Kingston Clippers
- Full name: Kingston Clippers Soccer Club
- Stadium: Tindall Field, Queen's University
- Head Coach: Christian Hoefler
- League: League2 Ontario
- Website: https://jrgaelssoccer.com/home/?

= Kingston Clippers =

Canadian semi-professional soccer club

Kingston Clippers was a Canadian semi-professional soccer club based in Kingston, Ontario. The club was founded as a youth soccer club and added its semi-professional club in League1 Ontario in 2014.

The club was one of the ten original founding men's teams in League1 Ontario, which was established in 2014, as well as one of eight original founding women’s teams of the women's division, which was established in 2015. Both teams withdrew from the league following the 2016 season. The semi-professional team was originally known as Cataraqui Clippers in 2014.

==History==

Cataraqui Clippers logo

Founded in 1981, the club has operated for over 30 years as a youth soccer club, originally formed under the name Kingston Township Minor Soccer Association. In 1998, they adopted the name Cataraqui Clippers when Kingston Township and Pittsburgh Township amalgamated to form the city of Kingston. In 2015, they again changed their name to Kingston Clippers. In 2018, the club partnered with the city's university, Queen's University whose sports teams are known as the Queen's Golden Gaels, renaming the soccer club as Kingston Junior Gaels Soccer Club. In 2024, the youth club became a development partner club of Atlético Ottawa of the Canadian Premier League, rebranding the club once again to Atlético Kingston.

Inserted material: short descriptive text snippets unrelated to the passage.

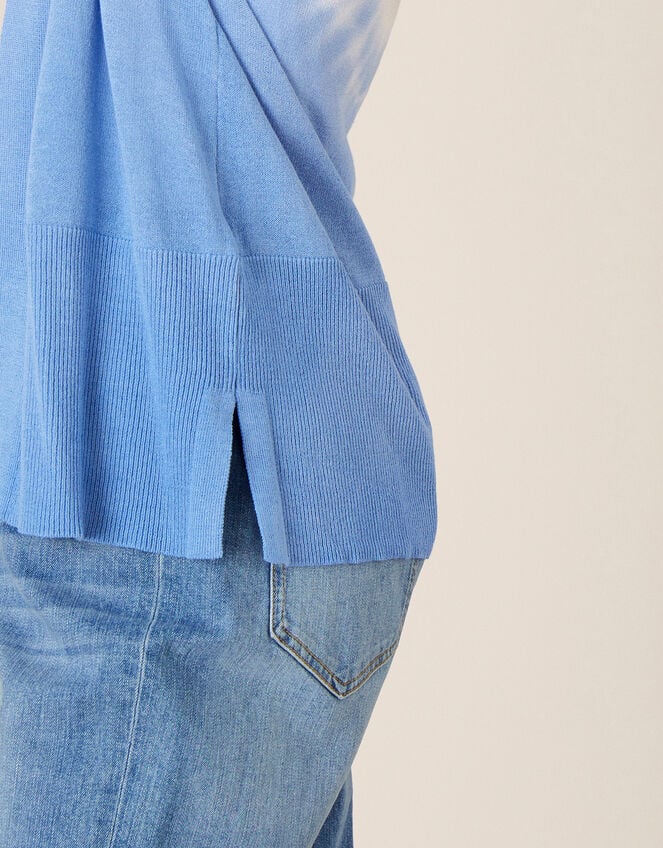 Tie Dye Cardigan in Linen Blend , Blue (BLUE), large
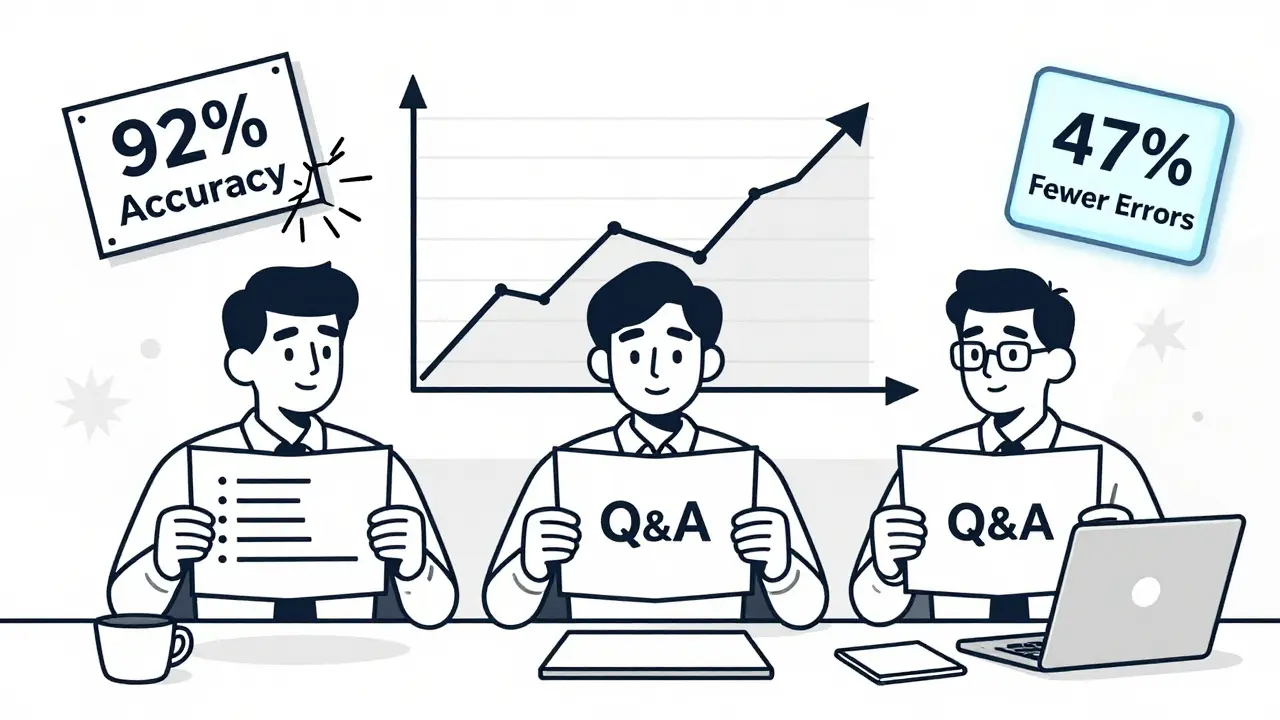 Three engineers testing different prompt formats, with a graph showing improved performance after mixing styles.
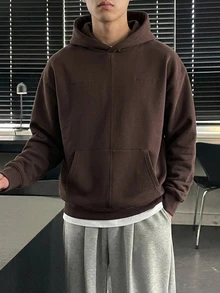 DAZY Men Solid Drop Shoulder Thermal Hoodie - Brown - View 7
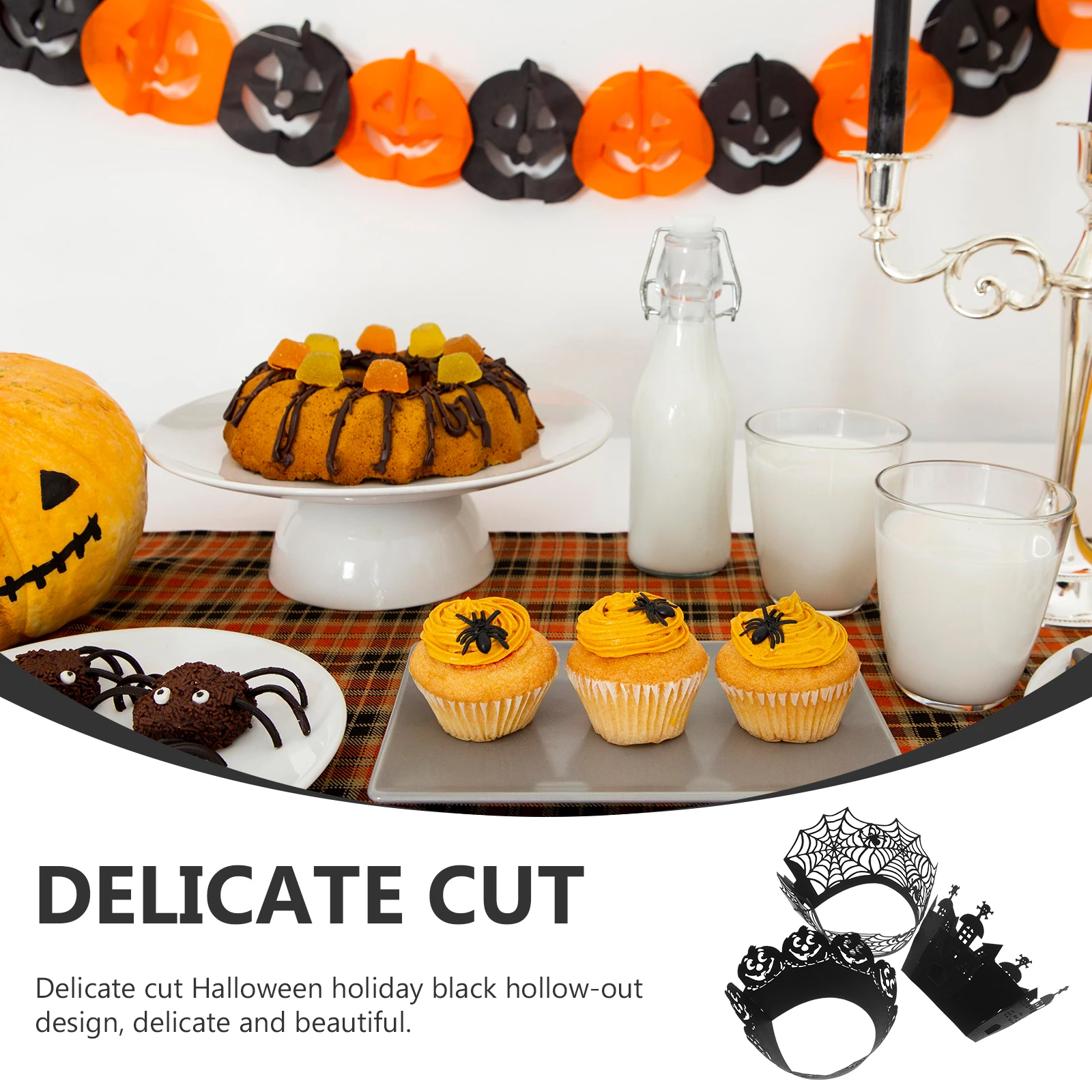 

36Pcs Hollow-Out Halloween Cupcake Wrappers Food-Grade Paper Cake Cups for Holiday Birthday Dessert Decoration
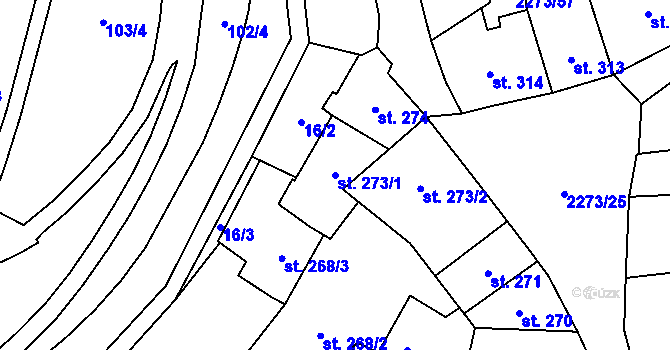Parcela st. 273/1 v KÚ Cheb, Katastrální mapa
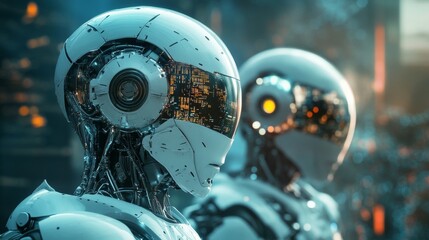 Fototapeta premium A futuristic AI war between the US and other nations, robotic soldiers, sci-fi aesthetics,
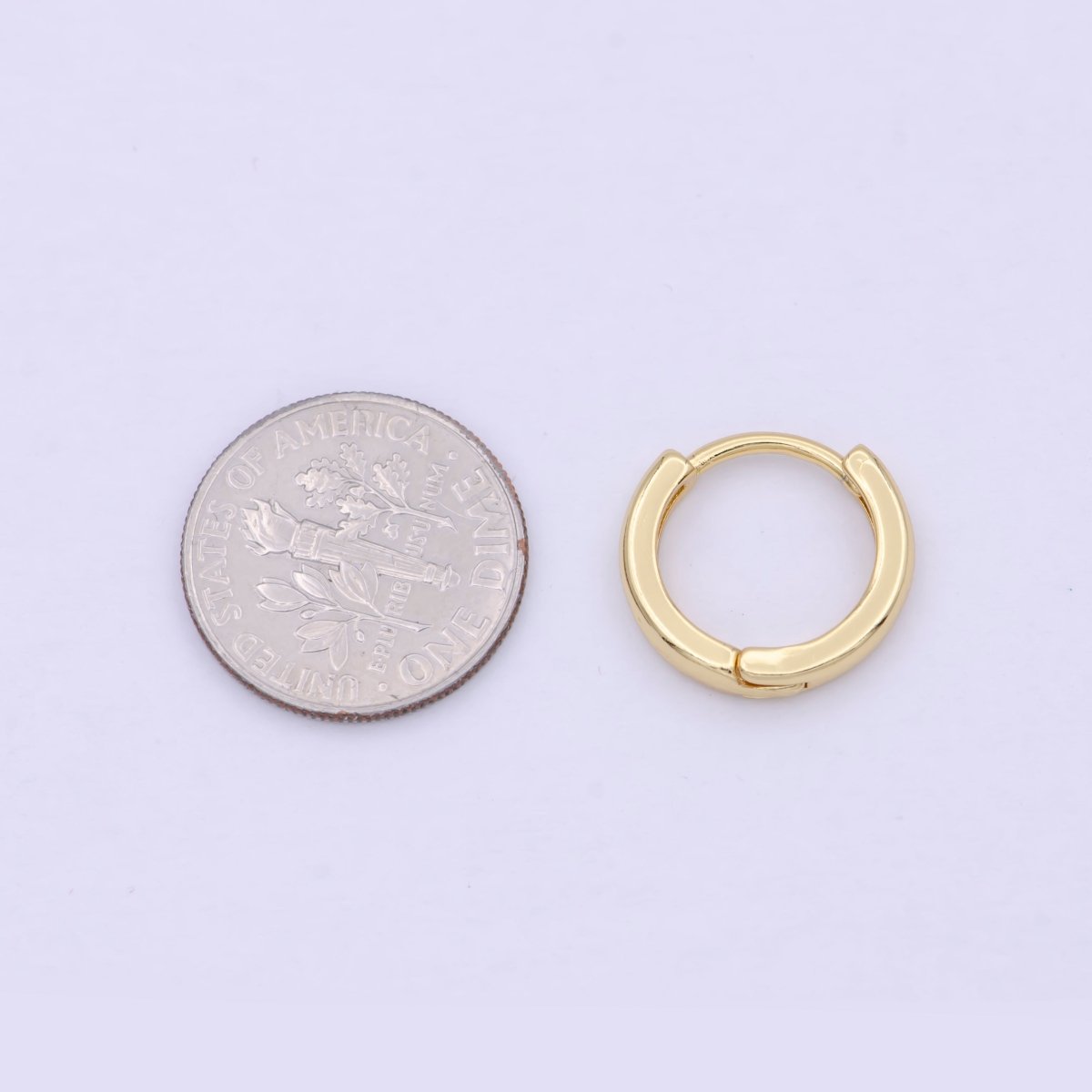 Tiny Gold Rounded Huggie Hoop Earrings, Small Hoop Earring, Cartilage Hoop, Huggie Tragus Hoop, Gold Conch Hoop p-244 - DLUXCA
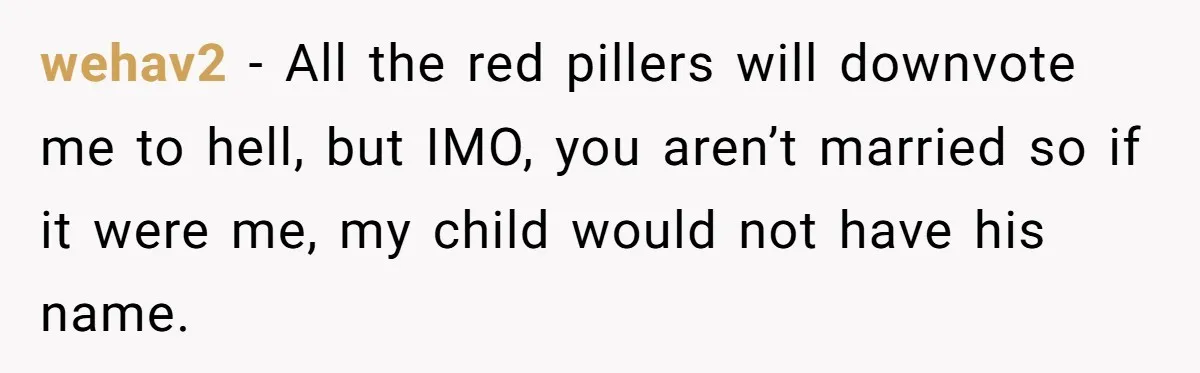 wehav2 − All the red pillers will downvote me to hell, but IMO, you aren’t married so if it were me, my child would not have his name.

==Semi-professional team==
In 2014, the semi-professional club was established to play in the newly formed League1 Ontario as one of the founding members. While it was a semi-professional league, the club announced they would field a completely amateur side and play home games at St. Lawrence College.

After finishing in last place during their inaugural season, the club named Christian Hoefler as new head coach. Hoefler was also the coach of the Queen's University soccer team. Approximately 60% of the Clippers roster would be composed of the university team's players to meet the league's age requirement rules. In addition, the local professional team, Kingston FC of the Canadian Soccer League folded after 2014, with some of the players joining the Clippers. The club also moved their home field to Queen's University's Tindall Field. The club finished their second season with a 4–6–12 record, finishing 9th out of 12 teams.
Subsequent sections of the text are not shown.